Last year I waxed a little nostalgic & appreciative:
We’ve come a long way, baby:
- 2004: Epson P-2000: $500, 1360 grams., 3.8” screen, and 40GB HD.
- 2014: Apple iPhone 6 Plus: $500*, 172 grams, 5.5” screen, and 128GB HD.
At the time one couldn’t plug Apple’s Camera Connection Kit into the phone. Things have changed, however: According to PetaPixel, iOS 9.2 Lets You Import Photos to an iPhone Directly From a Camera or via the Lightning-to-SD-card reader.
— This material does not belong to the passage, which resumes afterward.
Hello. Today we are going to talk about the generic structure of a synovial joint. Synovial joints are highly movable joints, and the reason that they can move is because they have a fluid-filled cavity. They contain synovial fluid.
On the new iPad Pro, that means transfer speeds that can theoretically be 10x faster (see previous).
My ideal world, as of late 2015:
- 128GB phone with USB 3.0 speed
- On-the-fly import of raw files as DNG proxies (massively smaller, but 99% as flexible as raw originals)
- Preservation of raw originals on the card (as I don’t need or want all the original bits clogging up my phone)
- Backup of originals later (via desktop upload) + syncing of edits performed to DNG proxies
For this I’d more than happily stick a short, $29 cable into my pocket every time I took my SLR for a spin.
Of course, as long as you’re dreaming, every time you snap a photo on your SLR it wirelessly floats onto your phone. Snap several photos quickly, and your pocket becomes uncomfortably warm.